3D Gaussian Splatting (3DGS) has substantial potential for enabling photorealistic Free-Viewpoint Video (FVV) experiences. However, the vast number of Gaussians and their associated attributes poses significant challenges for storage and transmission. Existing methods typically handle dynamic 3DGS representation and compression separately, neglecting motion information and the rate-distortion (RD) trade-off during training, leading to performance degradation and increased model redundancy.
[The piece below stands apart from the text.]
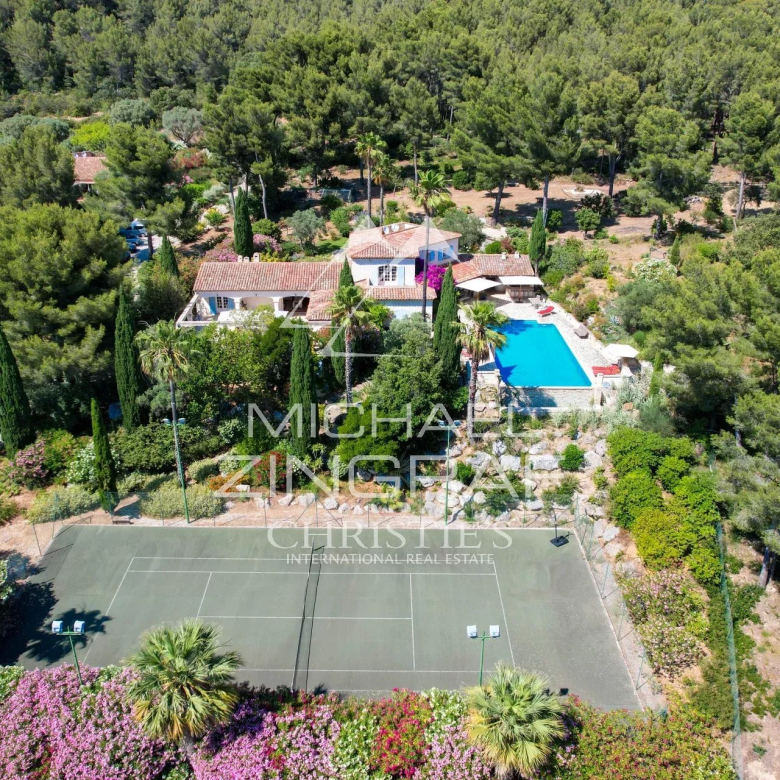 Aerial view of a villa with a blue swimming pool, surrounding trees, and a tennis court at the edge of a landscaped garden.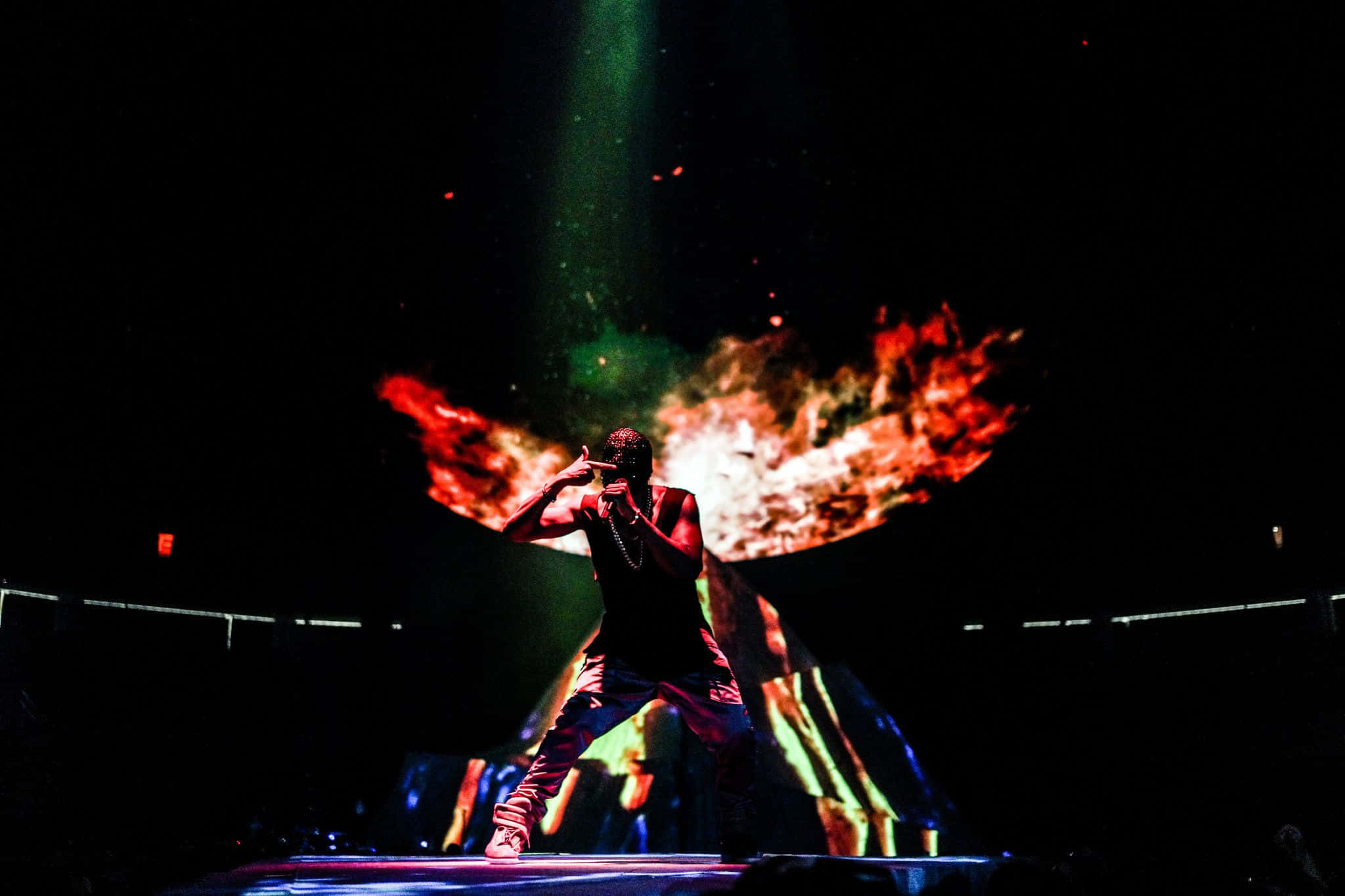Kanye West Yeezus 桌布 壁紙 — 舞台上的表演者在黑暗的音樂會場景中，以火焰翅膀和綠色燈光襯托出剪影。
To address this gap, we propose 4DGC, a novel rate-aware 4D Gaussian compression framework that significantly reduces storage size while maintaining superior RD performance for FVV. Specifically, 4DGC introduces a motion-aware dynamic Gaussian representation that utilizes a compact motion grid combined with sparse compensated Gaussians to exploit inter-frame similarities. This representation effectively handles large motions, preserving quality and reducing temporal redundancy. Furthermore, we present an end-to-end compression scheme that employs differentiable quantization and a tiny implicit entropy model to compress the motion grid and compensated Gaussians efficiently. The entire framework is jointly optimized using a rate-distortion trade-off. Extensive experiments demonstrate that 4DGC supports variable bitrates and consistently outperforms existing methods in RD performance across multiple datasets.
Left: 4DGC results, showcasing flexible quality levels across various bitrates. Middle: Comparison of visual quality and bitrate with state-of-the-art methods. Right: The RD performance of our approach surpasses that of prior work (e.g. 3DGStream, ReRF, TeTriRF).
Illustration of the 4DGC Framework. The reconstructed Gaussians from the previous frame are retrieved from the reference buffer and combined with the input images of the current frame to facilitate learning of the motion grid and the compensated Gaussians through a two-stage training process. In the first stage, the motion grid and its associated entropy model are optimized. In the second stage, the compensated Gaussians are refined along with their corresponding entropy model. Both stages are supervised by a rate-distortion trade-off, employing simulated quantization and an entropy model to jointly optimize representation and compression.
Illustration of our motion-aware dynamic Gaussian modeling that utilizes a multi-resolution motion grid with sparse compensated Gaussians to exploit inter-frame similarities.
We present a qualitative comparison with ReRF, TeTriRF, and 3DGStream on the coffee martini sequence from the N3DV dataset and the trimming sequence from the MeetRoom dataset, as shown in the figure. Our approach achieves comparable reconstruction quality to 3DGStream at a substantially lower bitrate, achieving a compression rate exceeding 16×. Compared to ReRF and TeTriRF, our 4DGC more effectively preserves finer details—such as the head, window, bottles, and books in coffee martini, and the face, hand, plant, and scissor in trimming—which are lost in the reconstructions of these two methods. This demonstrates that our 4DGC accurately captures dynamic scene elements and maintains high-quality detail in intricate objects while achieving a highly compact model size.